The New York Times cannot stop mangling the truth to serve its political goals.

On Sunday, the paper exhaustively examined the collision between an Army Black Hawk and an American Airlines jet that killed 67 people over the Potomac in January.

The massive 4,000-word article claimed the crash had many causes, including an overworked air traffic controller. “Missteps, Equipment Problems and a Common but Risky Practice Led to a Fatal Crash,” the Times proclaimed.

Except that’s not really what happened. Or what the Times found.

Yes, the controller was busy. Yes, the Black Hawk pilots wore night-vision goggles that can, ironically, complicate seeing in cities with lots of ambient light.

Those choices and problems raised the risks of an accident.

But despite all the words the Times devoted to explaining the crash, its root cause was simple. The Black Hawk was flying too high. It flew directly into the CRJ700 regional jet. The plane’s pilots and passengers had no chance.

That’s the reality. The second reality is that an inexperienced female Army pilot, Capt. Rebecca Lobach, 28, (CORRECTION: original article said 36) was at the controls of the Black Hawk when it hit the CRJ700, on a training and evaluation mission.

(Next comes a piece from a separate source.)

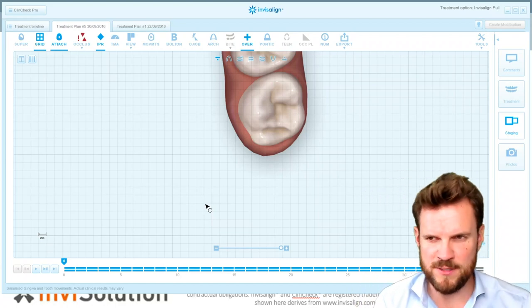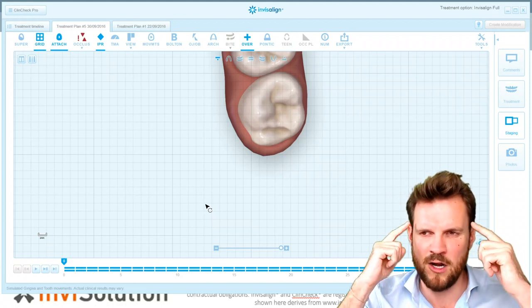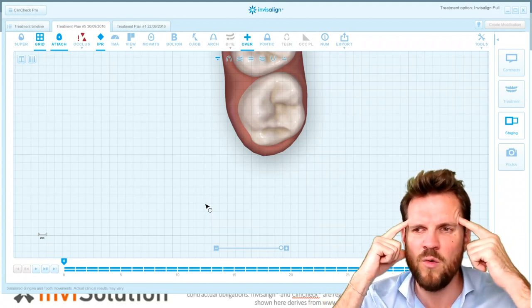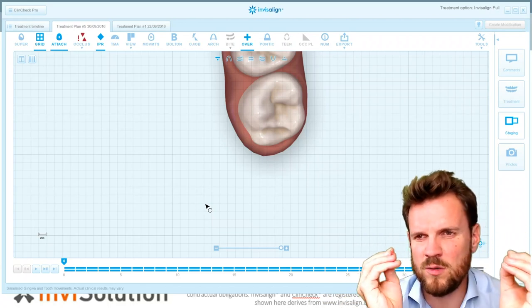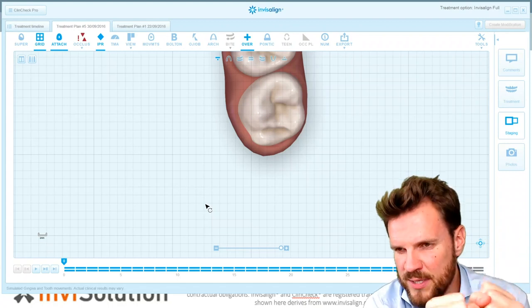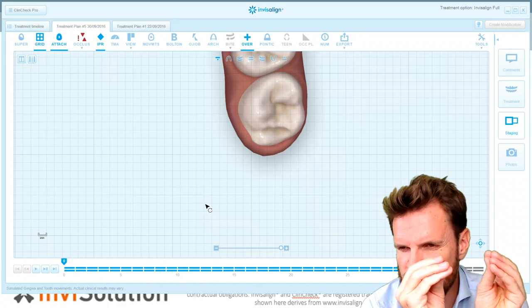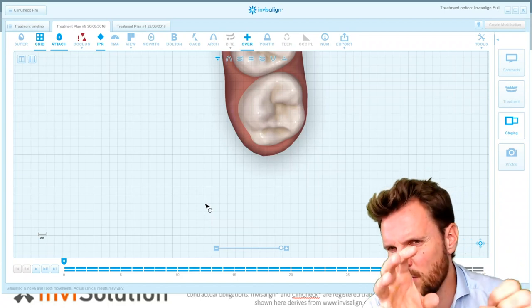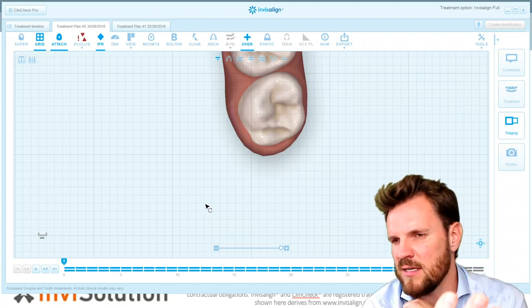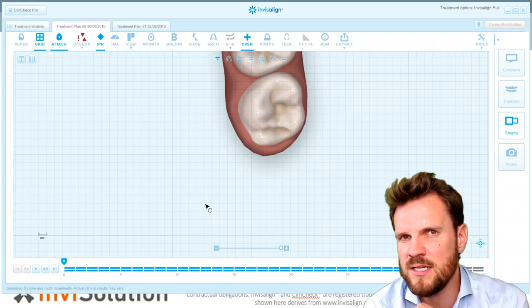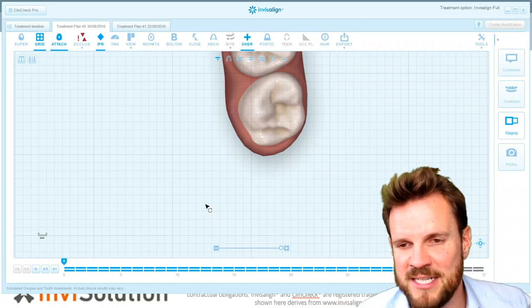I showed you three different types of clean checks, just to show you that there are always the algorithms of the software, but it also needs your priorities to make the clean check more predictable for your patient. It's very easy to do — you just need to focus on treatment planning and on what happens exactly in the clean check, and then decide: can I make it easier? Can I make it more predictable? And yes — how can I make it more predictable?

What the Times actually found, the news in the article, is that the Lobach’s copilot repeatedly warned her the helicopter needed to descend in the minutes before the accident. Just seconds before the crash, he suggested she tack left, a path that would likely have avoided the jet.

She didn’t respond.

In other words, the story here is that Lobach — who had never deployed overseas but had volunteered in the Biden White House and whose obituary prominently called her a certified advocate for “sexual harassment” victims — flew her helicopter into a passenger jet and killed 67 people, including herself.